白いカーネーション・5「母とズッコケの対面」
母の知らせを受けて、急いで準備をし新幹線に乗りました。
いつも母の面会に行くときの、新幹線の中の時間は、爆睡することもあれば仕事の作業をしたり、創作を楽しんだり、とても貴重でした。
新幹線に乗った安堵感か、急に涙もでてきたですが、その日も、そうだ、泣いてばかりはいられないと、レンタカーの予約まで済ませました。
特に今回はあわただしいので、誰かに載せていってもらうより、自分で動けて正解でした。

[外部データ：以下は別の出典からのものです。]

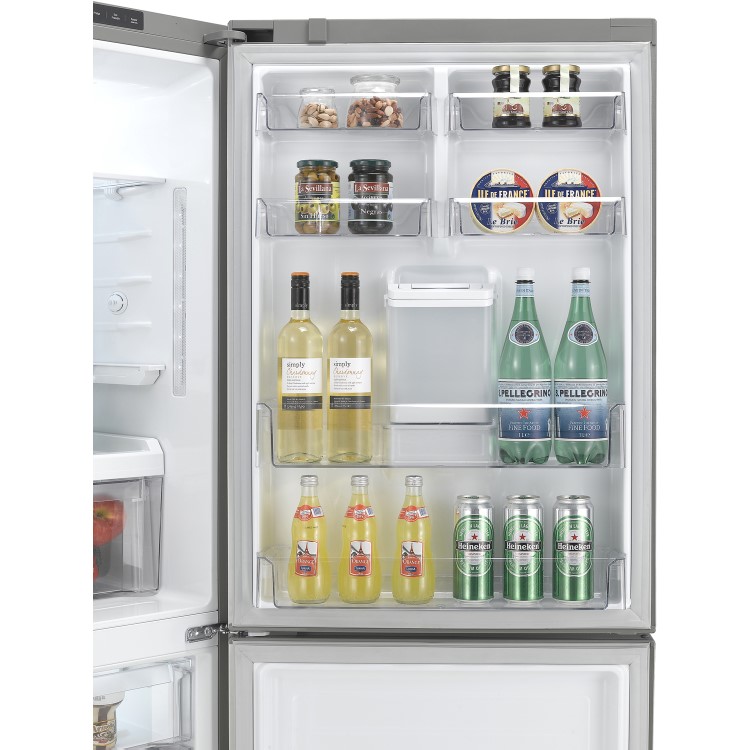 LG GBF548PZDZH 70/30 Frost Free Freestanding Fridge Freezer With Water Dispenser - Steel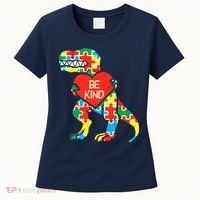 Be Kind Autism Awareness Dinosaur Boy Girl Toddlers Women's T-Shirt thumb 0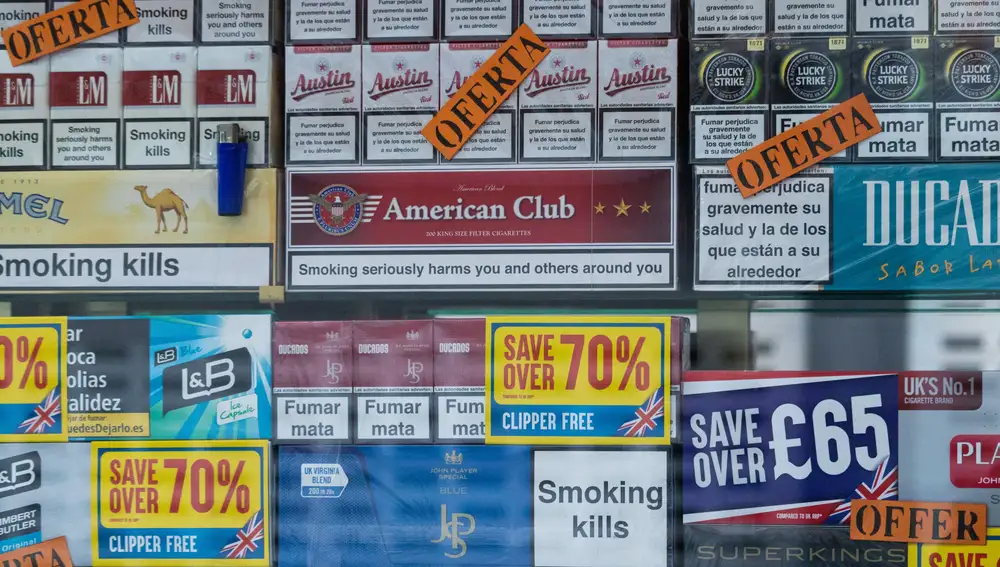 Tabaco en venta en Gibraltar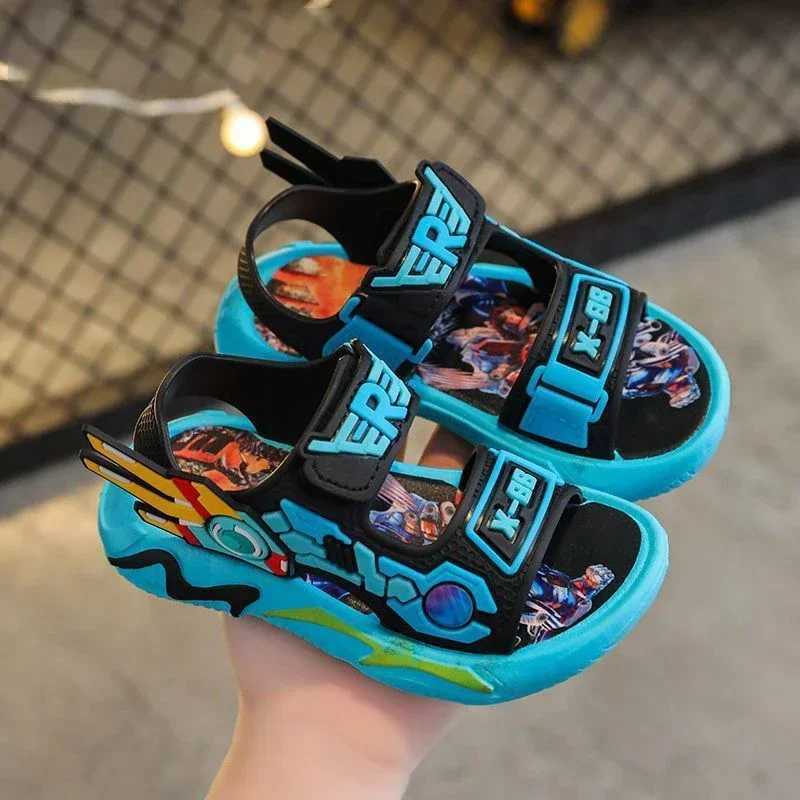 Sneakers Boys Sandals Summer Kids Shoes Toddler Baby Boys Sandals Infant Casual Beach Children Outdoor Black Shoes H241221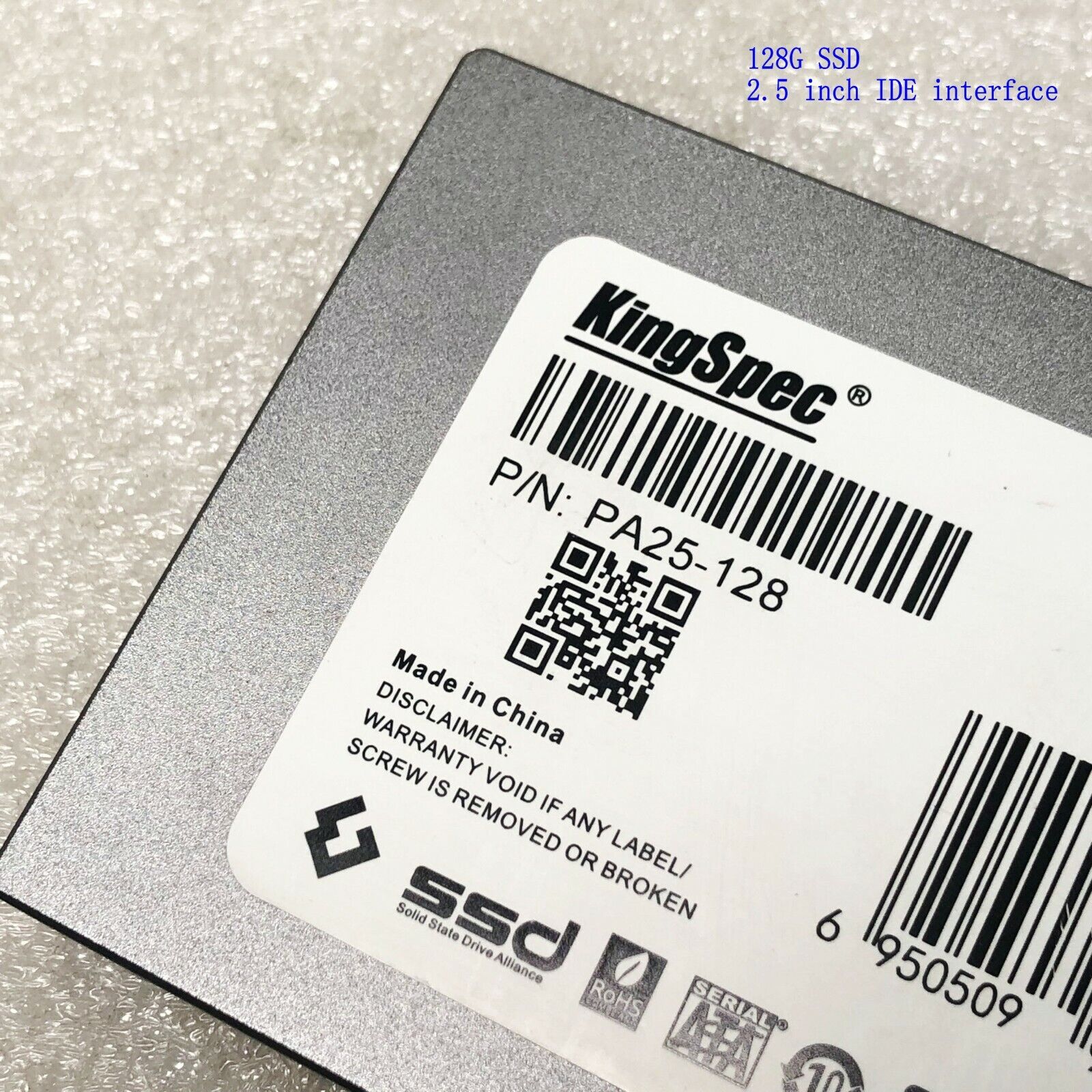 Isse rent faktisk pelleten KingSpec 2.5'' IDE interface PATA P/N PA25-128GB SSD MLC flash memory | eBay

新幹線も、レンタカーもケータイで予約できる世の中、便利です。
そんなことをしつつ、家につくと、やはりぐっと胸がいっぱいになってきました。「お母さん……」なんてつぶやきながら、玄関にはいるとすぐの応接間で義姉と、姉が葬儀屋さんと打ち合わせをしていました。
そしてそのとなりの仏間には、母が寝ているのが見えます。
もうそれだけで、ううっときていたのですが、
葬儀屋さんが私の方へむいたので、
「お世話になります。末の娘です……」
「このたびはご愁傷様です」
などとあいさつをすませました。
すると! 姉がいきなりいいました。
「ねえ、祭壇ってこれがいいとおもうんだけどどう?」
「へ……?」
そう、もう姉も、義姉も、二人とも母と対面し、すっかり泣き終わり、
今は葬儀の打ち合わせという現実的な話の佳境だったのです。
そこで姉も気が付いて、
「あ、そうだね。はい、まず泣いてきて」と
仏間をさして。
「泣いてきてって」
コントみたいに、大げさにズッコケたくなりました。
そこにいた母は本当に寝ているようでした。
面会にいっても寝てしまっているときもあって、
それと同じでした。
施設でもそうしたように
「おかあさん……、おかーさん……。来たよ。○○だよ」と呼びました。
でも本当にもう返事してくれないんだなと。
顔にふれるとひんやりとして。
とたんに、もりもりと涙があふれてきました。
家にかえってこれたんだね、とか、
ほんとうはさびしかったよね、
がんばったよね、とか。
そんな感傷的になっている間にも、となりでは、
「これは、一対ですよね。孫一同だとこれぐらいですか」
と、献花の打ち合わせの声が……。
ずっとメソメソしているわけにもいかず、
わたしも、しばらくして
その打ち合わせに加わったのでした。
「あら、もう行っちゃったの?」と
母が突っ込んでそうでした。
でも葬儀屋さんというのは、それぞれの家の空気や事情をすぐに把握して
限られた時間の中ですすめていかなくてはいけないので、
ほんとうに大変な仕事だろうとおもいました。
ありがとうございました。
父の時は、母もいたし、20年以上まえなので
あまり記憶がないのですが、
今回は湯かんも、納棺も近くで拝見できました。
またそれもいい時間でしたので、記録していこうとおもっています。